A novel framework is proposed that models reformulation as a distribution of reformulated queries, where each reformulated query is associated with a probability indicating its importance. This framework considers a reformulated query as the basic unit and can capture the important query-level dependencies between words and phrases in a realistic or actual query. Since a reformulated query is the output of applying a single or multiple reformulation operations, this framework combines different operations such as query segmentation, query substitution and query deletion within the same framework. Moreover, a retrieval model is considered as an integrated part of this framework, which considers the reformulation model and the retrieval model jointly.

Tingxin Yan; Designing Novel Mobile Systems By Exploiting Sensing, User Context, and Crowdsourcing; (Deepak Ganesan, Advisor); Sept. 2012; Assistant Professor, Department of Computer Science & Engineering, Univ. of Arkansas

We focus first on the domain of context-aware mobile systems. We study the problem of how to incorporate user context into mobile operating system design by presenting a system named FALCON--an application-preloading engine, which infers user context from sensing data, learns associations between user context and application usage, and preloads applications to improve their responsiveness. Compared with existing caching schemes, Falcon improves the application responsiveness by 2 times.

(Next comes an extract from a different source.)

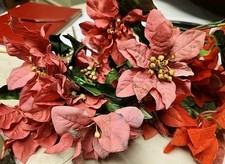 Lot of Artificial Faux Silk Poinsettias Flowers Red Pinkish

The second focus is on the domain of participatory sensing. We explore the problem of improving image search accuracy by presenting a mobile service named CrowdSearch that achieves over 95% accuracy consistently across multiple categories of images with response time in a minute.

We then study the problem of image search under resource constraints, by presenting a mobile system named SenSearch that turns smartphones into micro image search engines, where images are collected, indexed, and transmitted using compact features that are two magnitudes smaller than their raw format. SenSearch improves the energy and bandwidth cost by five times compared with existing image search engines.